About this task -
In the records below, find the line that holds "Departamentos Vacacionales En". Restate it and every later line exactly, stopping at the end and skipping pictures.

Saved entries -
------------------------------------------------------------------------

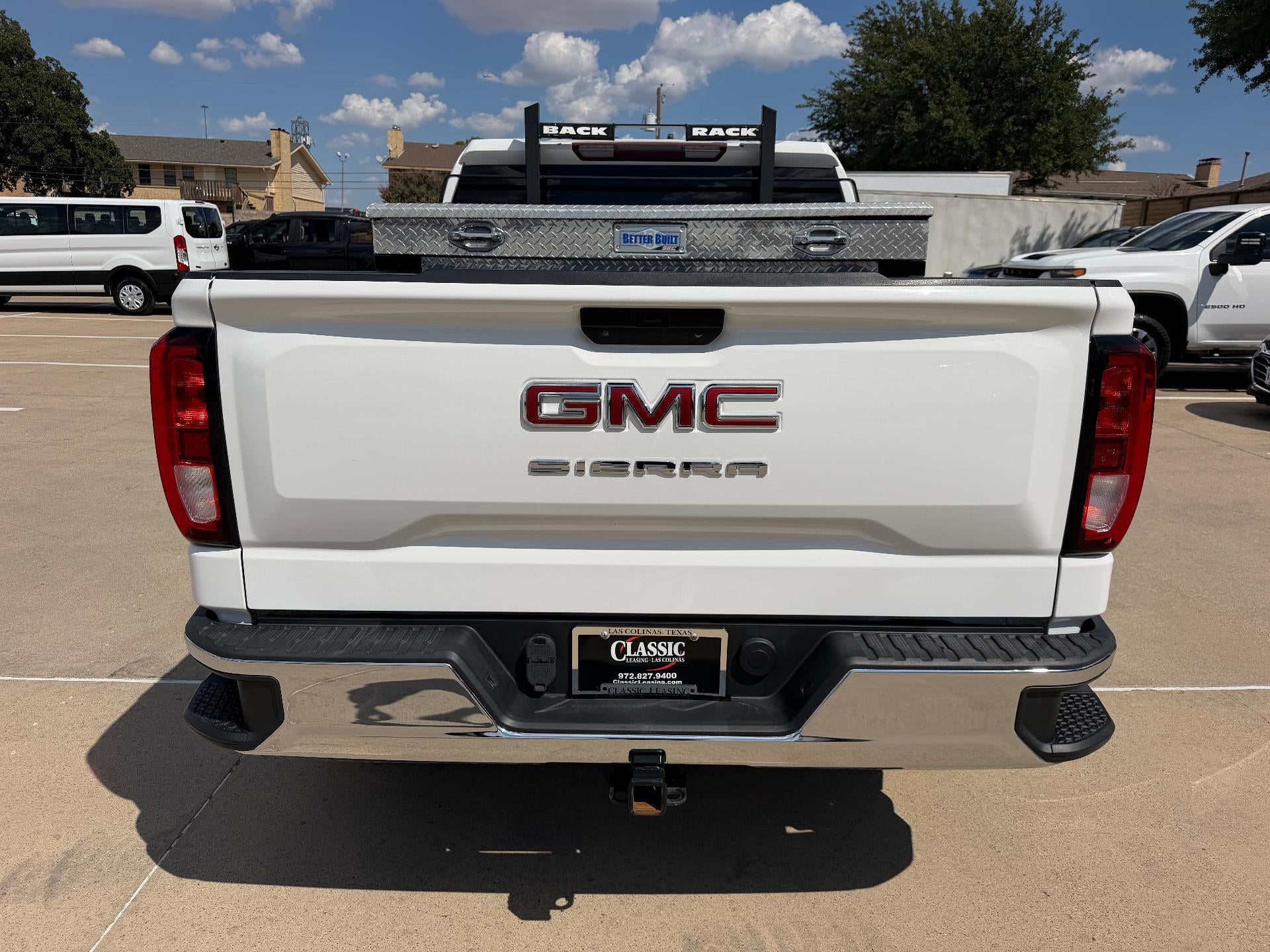 2021 GMC Sierra 1500 Crew Cab Short Box 4-Wheel Drive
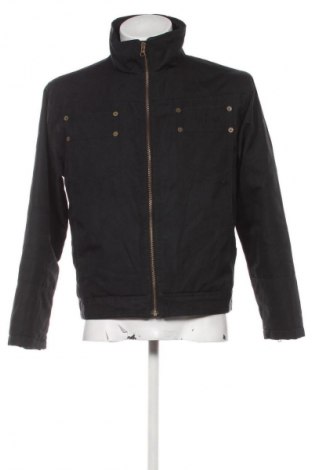 Herrenjacke Much More, Größe S, Farbe Schwarz, Preis € 17,99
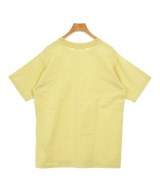 BEAUTY&YOUTH UNITED ARROWS（ビューティーアンドユースユナイテッドアローズ）Tシャツ・カットソー 黄 サイズ:F レディース/2200709804130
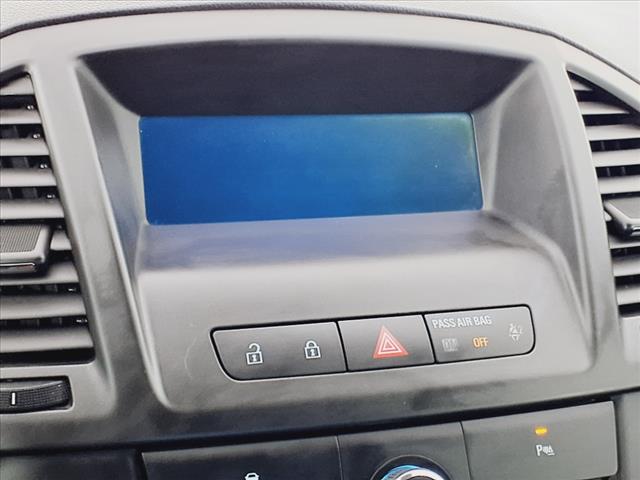 2011 Buick Regal CXL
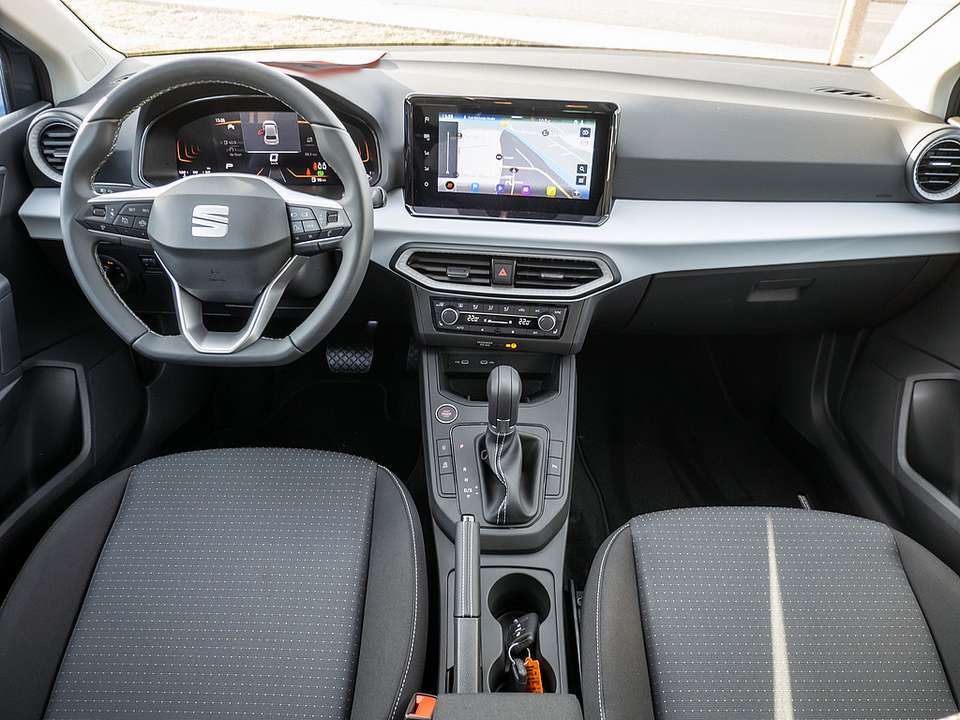 SEAT Ibiza - Imagem 6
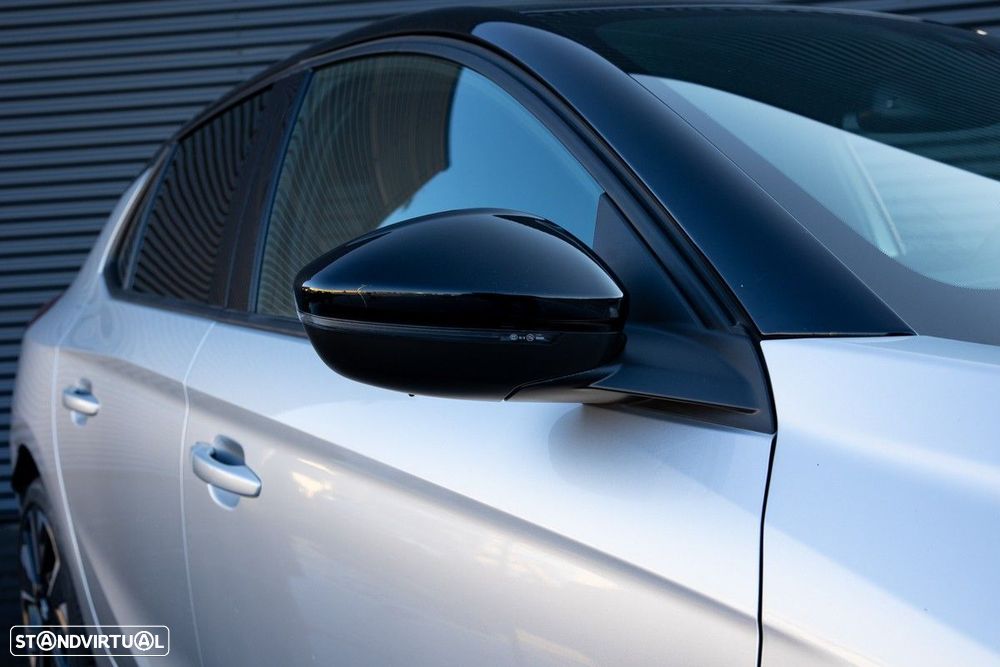 Opel Corsa-e e-GS - 7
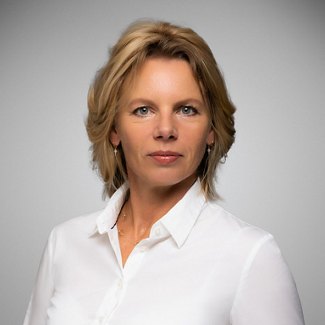 Photo of Karin Koks-Van der Sluijs
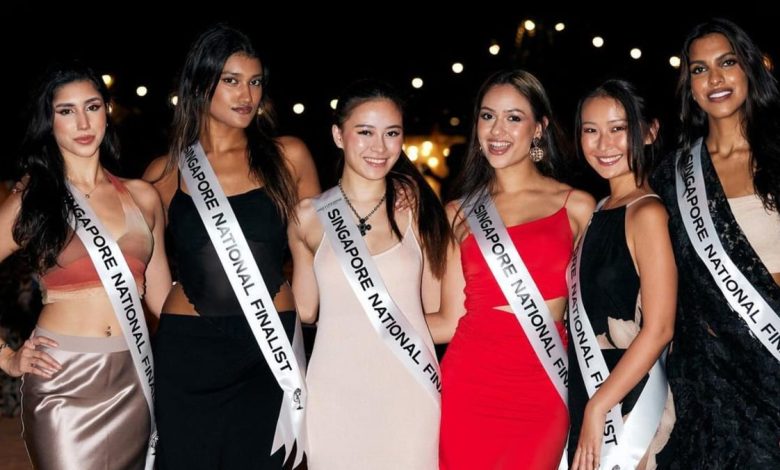 Can Miss Universe Singapore's expanded criteria make it an inclusive pageant?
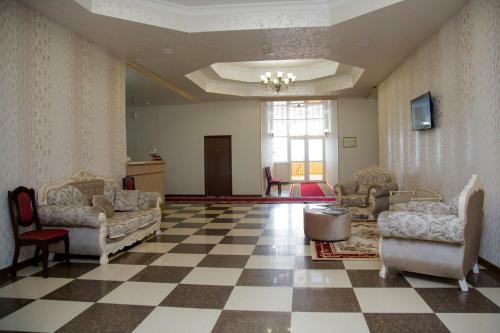 Hotel Festivalniy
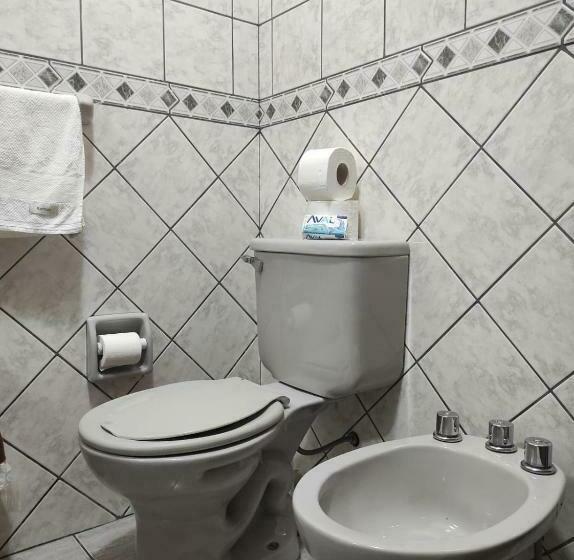 Departamentos Vacacionales En El Centro De Tarija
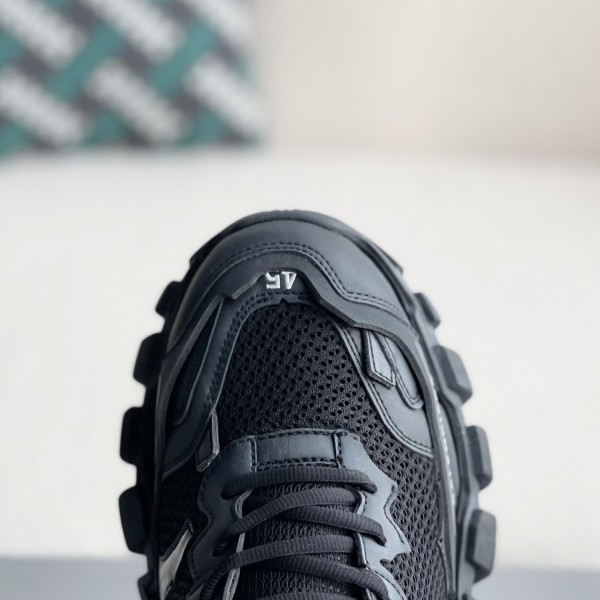 Balenciaga Runner Sneakers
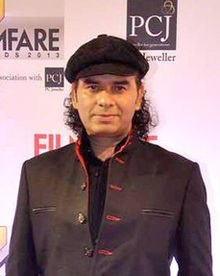 莫希·查乌汗 Mohit Chauhan照片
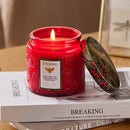 Lifeideas Soy Wax Scented Candle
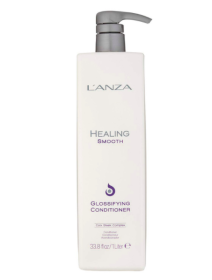 L'anza Healing Smooth Glossifying Conditioner Кондиціонер, що розгладжує L'anza Healing Smooth Glossifying Conditioner Кондиціонер, що розгладжує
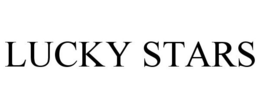 LUCKY STARS trademark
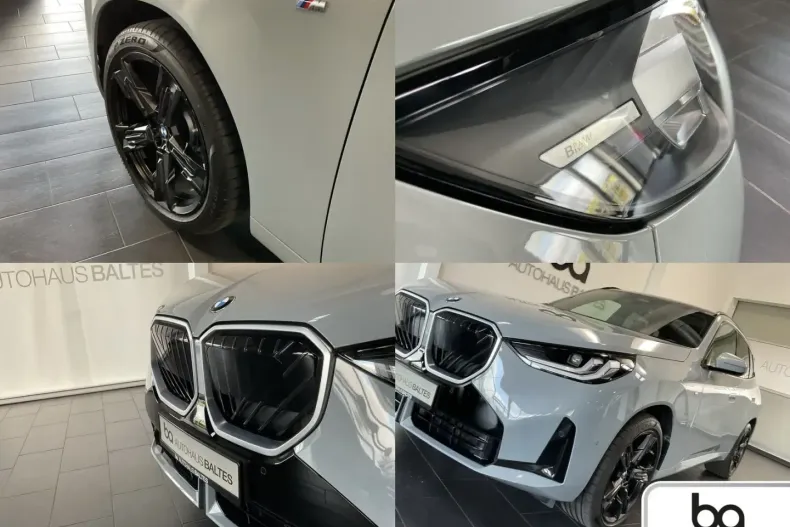 BMW X3 din 2025 cu 11.500 km - oferta BMW149623 - foto 19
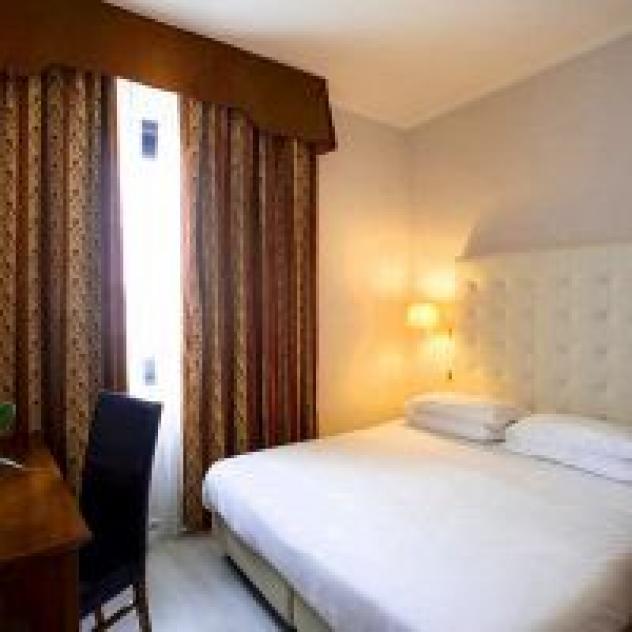 Hotel Carlton - S.r.l.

------------------------------------------------------------------------

Written solution -
 Departamentos Vacacionales En El Centro De Tarija
 Balenciaga Runner Sneakers
 莫希·查乌汗 Mohit Chauhan照片
 Lifeideas Soy Wax Scented Candle
 L'anza Healing Smooth Glossifying Conditioner Кондиціонер, що розгладжує L'anza Healing Smooth Glossifying Conditioner Кондиціонер, що розгладжує
 LUCKY STARS trademark
 BMW X3 din 2025 cu 11.500 km - oferta BMW149623 - foto 19
 Hotel Carlton - S.r.l.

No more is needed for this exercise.